**Task objective**
All the lines below need retyping exactly, apart from the images.

**Data block**
§

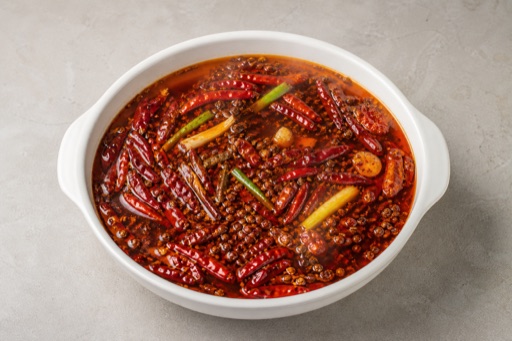 Photorealistic 招牌 Chongqing beef tallow mala hot pot broth P09 food image by VDAMO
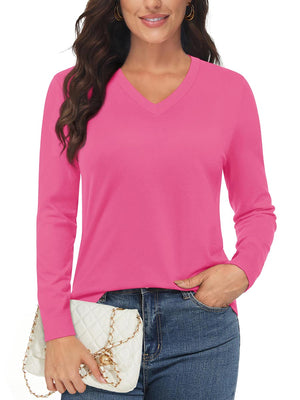 TACVASEN Rose Red Women's V Neck Sweater Spring Casual Long Sleeve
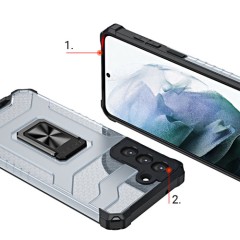 Husa Samsung Galaxy S21 5G Arpex Crystal Ring Case - Rosu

§

**Answer to the exercise**
 Photorealistic 招牌 Chongqing beef tallow mala hot pot broth P09 food image by VDAMO
 TACVASEN Rose Red Women's V Neck Sweater Spring Casual Long Sleeve
 Husa Samsung Galaxy S21 5G Arpex Crystal Ring Case - Rosu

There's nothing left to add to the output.